Ian Hogg (Royal Navy Officer) - World War II Service

World War II Service

Ian Hogg was awarded the first of his two DSCs for his efficiency and coolness as a navigator under the trying circumstances of the evacuation of Crete in May and June 1941. The Germans had intended to take Crete with combined airborne and seaborne attacks. Although the Royal Navy was able virtually to annihilate the seaborne component, which carried much equipment in local caïques, the German paratroops — though at great loss to themselves — forced the under-equipped British forces, many of whom were still in shock after being driven out of Greece, into another evacuation.

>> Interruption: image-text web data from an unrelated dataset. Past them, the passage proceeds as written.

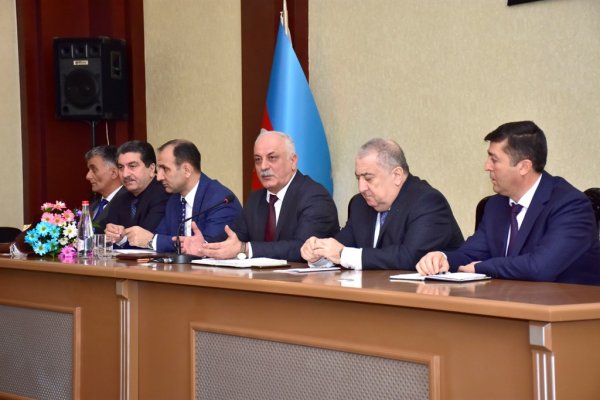 Sumqayıtda rəis müşavirə keçirdi - FOTOLAR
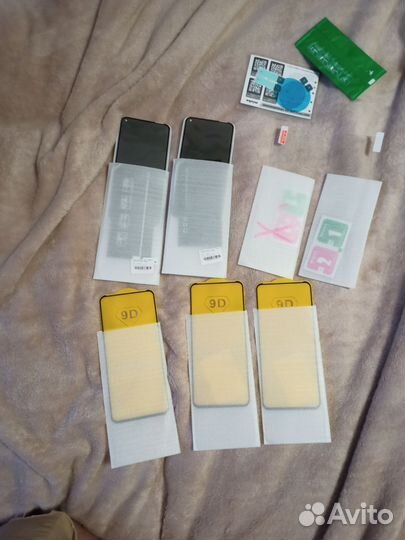 Защитные стекла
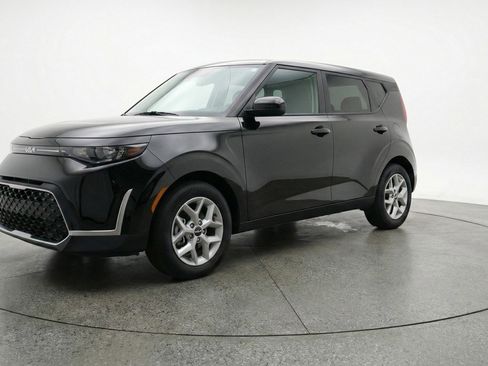 Used 2025 Kia Soul LX w/ LX Technology Package FWD image 3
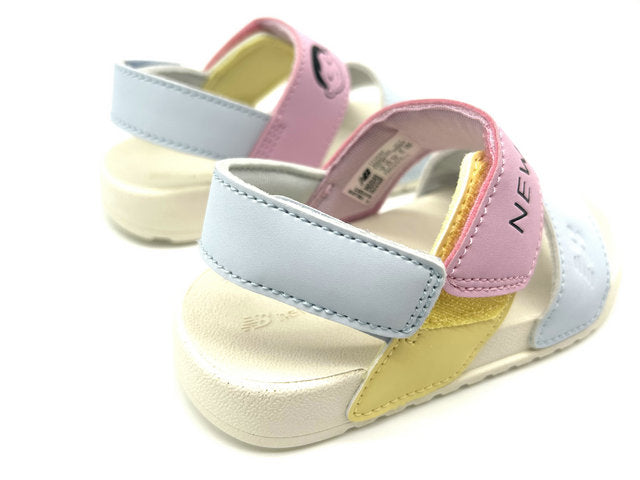 Les sandales pour enfants proposées sur Yourstyles.fr combinent confort, légèreté et design joyeux pour accompagner les plus jeunes durant toutes leurs aventures estivales.
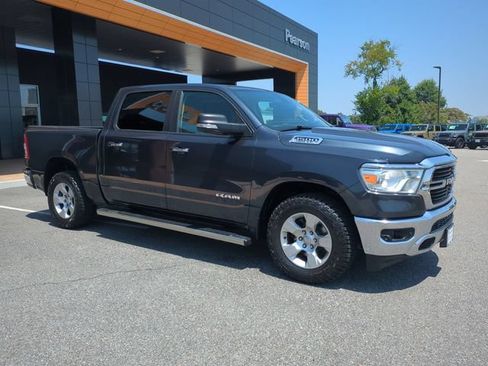 Used 2019 RAM 1500 Big Horn RWD image 2
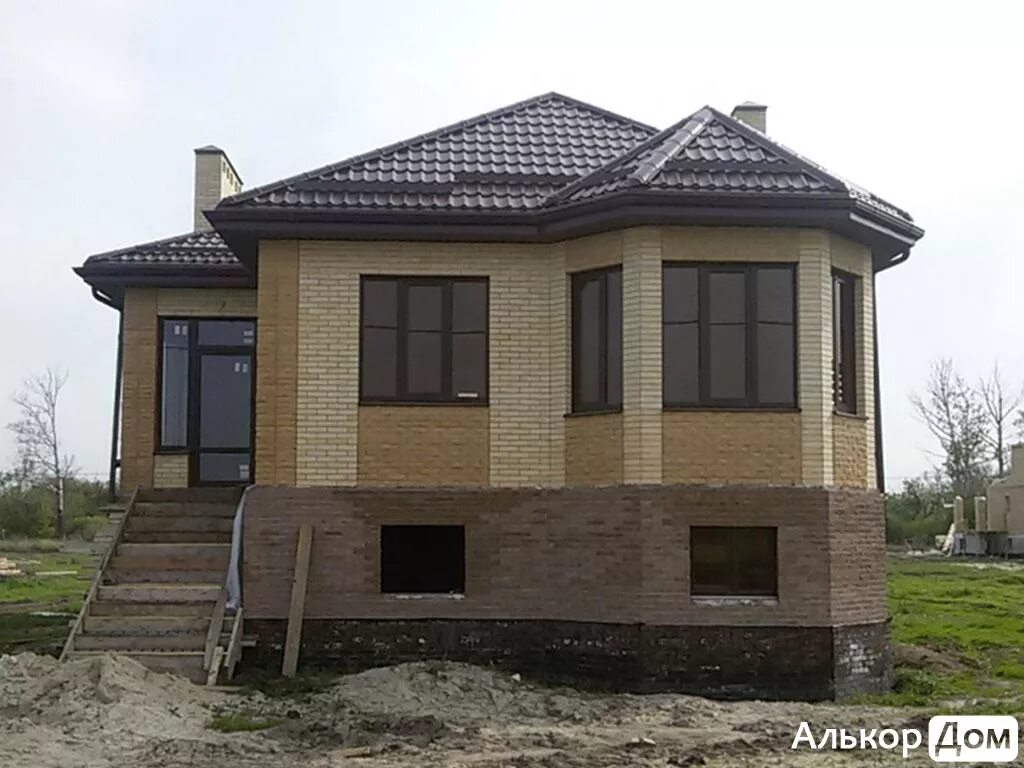 Частный дом ростов. Частный дом ростов. Строительная дома ростовская область. Долгострой краснодар. Строительная дома ростовская область.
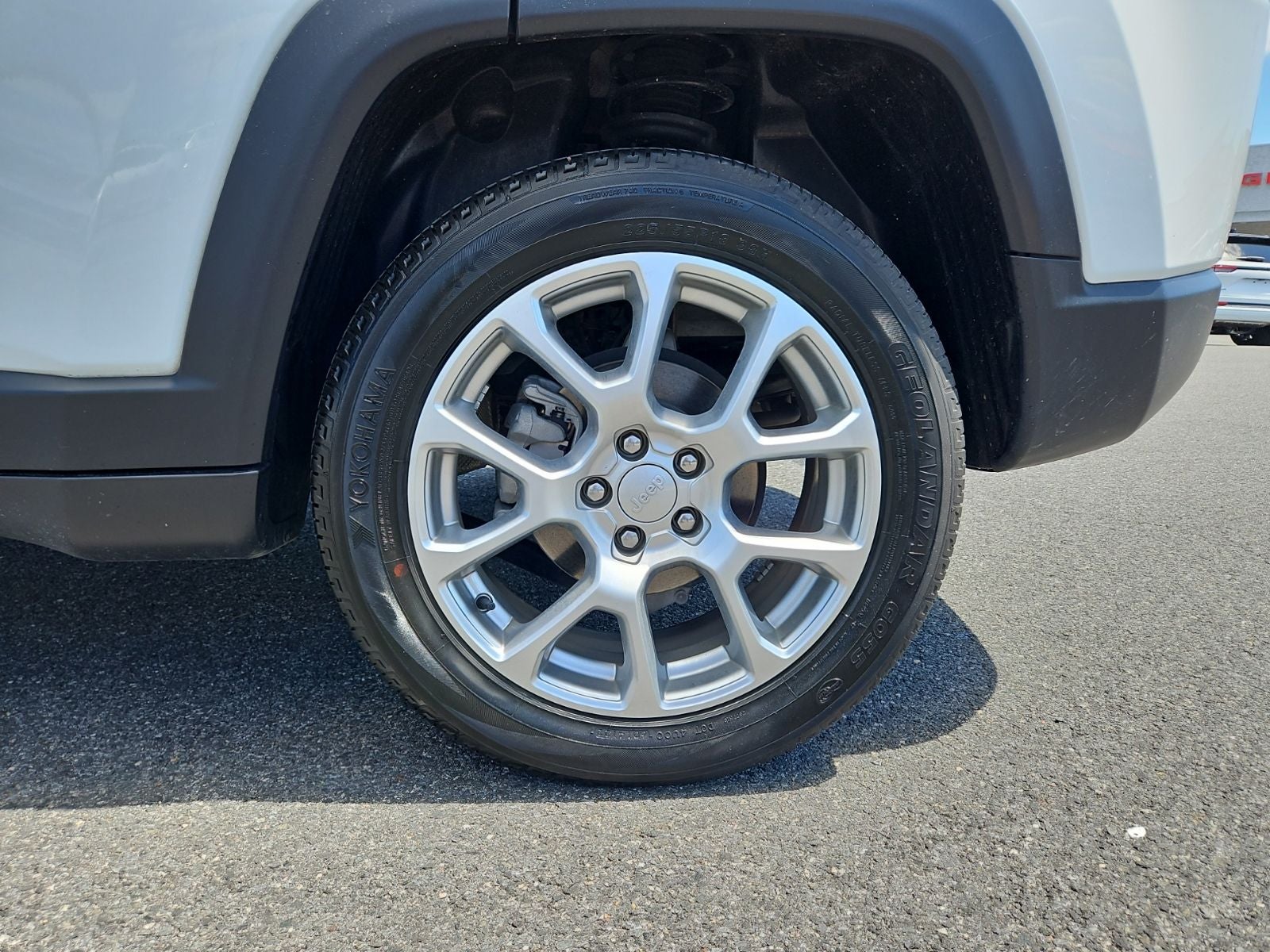 2023 Jeep Compass Latitude Lux FWD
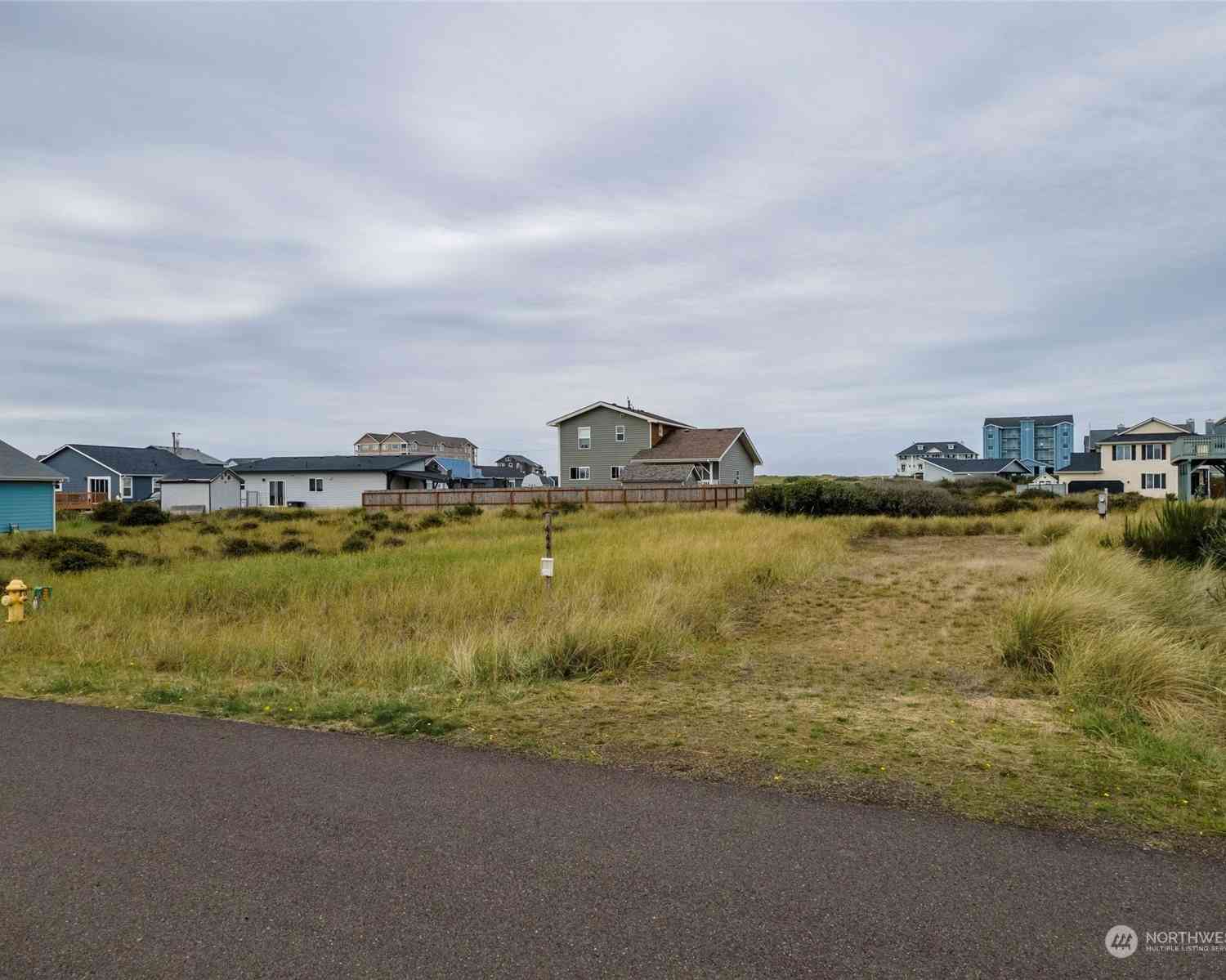 444 N Portal Loop, Ocean Shores, Washington image 17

Air attacks by an almost unopposed and expert Fliegerkorps VIII around Crete cost the British three cruisers and six destroyers sunk, with an aircraft carrier, two battleships, five cruisers and seven destroyers badly damaged, bringing the Mediterranean Fleet almost to breaking point. The Commander-in-Chief, Admiral Andrew Cunningham, was adamant that while ships were replaceable, the reputation of the Royal Navy was not, and that the evacuation of soldiers should continue to the limit. In the event 18,000 troops were rescued.

As the flotilla operations and navigating officer to Captain Stephen Arliss in the Royal Australian Navy destroyer Napier, Hogg was responsible on 28–29 May for organising hazardous feats of navigation on an unlit and badly charted coast near Sfakia in southwest Crete for his ship and the destroyers HMS Nizam, HMS Kelvin and HMS Kandahar. Only two motorboats and four unpowered whalers were available to embark 700 men and, at the same time, land 15,000 badly needed rations for those troops still fighting onshore.

The need to make best use of available darkness required the anchorage for this operation to be perilously close inshore. On 30 May, reduced to only two ships through damage and defects but using abandoned landing craft to supplement these, Napier and Nizam saved more than 1,400 troops. Hogg received praise for his cool, calm and cheerful demeanour and his very good advice when the force came under intensive air attack on 31 May, during which Napier was damaged in the engine room by a near miss.

Hogg stayed with the Napier as the senior staff officer to Captain Arliss, who became the commodore in command of Admiral Somerville’s Eastern Fleet destroyers, based in Ceylon, until early 1944.

As the navigating and signals officer of the cruiser HMS Mauritius in August 1944, Hogg was awarded a second DSC for his outstanding zeal during prolonged and violent night actions against escorted enemy convoys close inshore near La Rochelle and the Ile d'Yeu. His captain remarked that Hogg was “cool, calm and collected and afforded advice that enabled us to take risks which with a less resolute and skilful officer would not have been justified”.

Hogg was known as a very good-looking man. It is recorded that during the war when Mauritius was refitting in Liverpool and a drink was difficult to come by, his companions would always “put Ian into bat first with the barmaid” — with invariably satisfactory results. In 1945 he married Mary Marsden within three months of having met her in Liverpool on a Monday and becoming engaged on the Saturday.